_YOUR GOAL_.
The entries below contain pictures, which are to be left out; write out exactly, and only, the lines from the line with "Foto: Gewann 2015" up to and including the line with "Vệ sinh mắt kính đúng cách và thường xuyên Vệ".

_EXCERPTED DATA_.
□ □ □
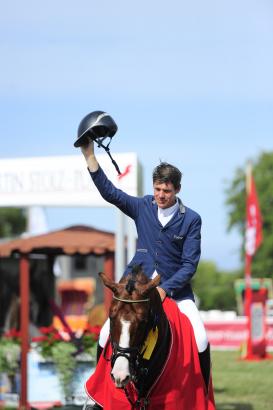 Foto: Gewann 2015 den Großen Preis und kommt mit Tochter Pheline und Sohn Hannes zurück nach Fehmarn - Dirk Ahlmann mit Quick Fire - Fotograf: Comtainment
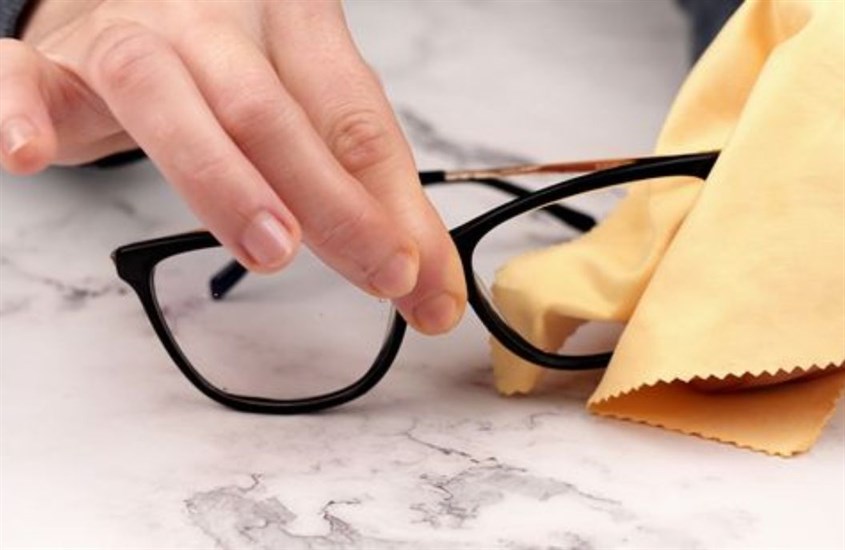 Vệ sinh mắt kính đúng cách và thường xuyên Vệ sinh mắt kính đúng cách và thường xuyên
□ □ □
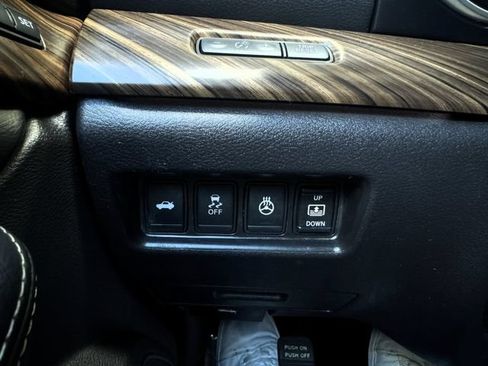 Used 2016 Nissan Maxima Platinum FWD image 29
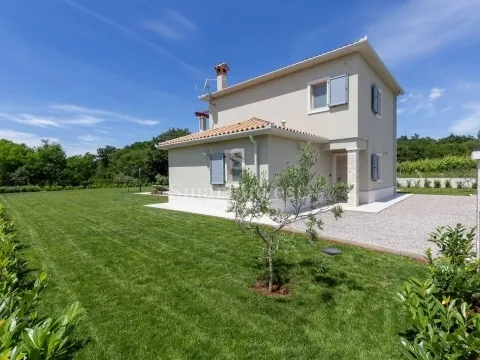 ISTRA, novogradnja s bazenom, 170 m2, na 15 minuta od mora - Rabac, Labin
□ □ □
_ANSWER FOR THIS EXERCISE_.
 Foto: Gewann 2015 den Großen Preis und kommt mit Tochter Pheline und Sohn Hannes zurück nach Fehmarn - Dirk Ahlmann mit Quick Fire - Fotograf: Comtainment
 Vệ sinh mắt kính đúng cách và thường xuyên Vệ sinh mắt kính đúng cách và thường xuyên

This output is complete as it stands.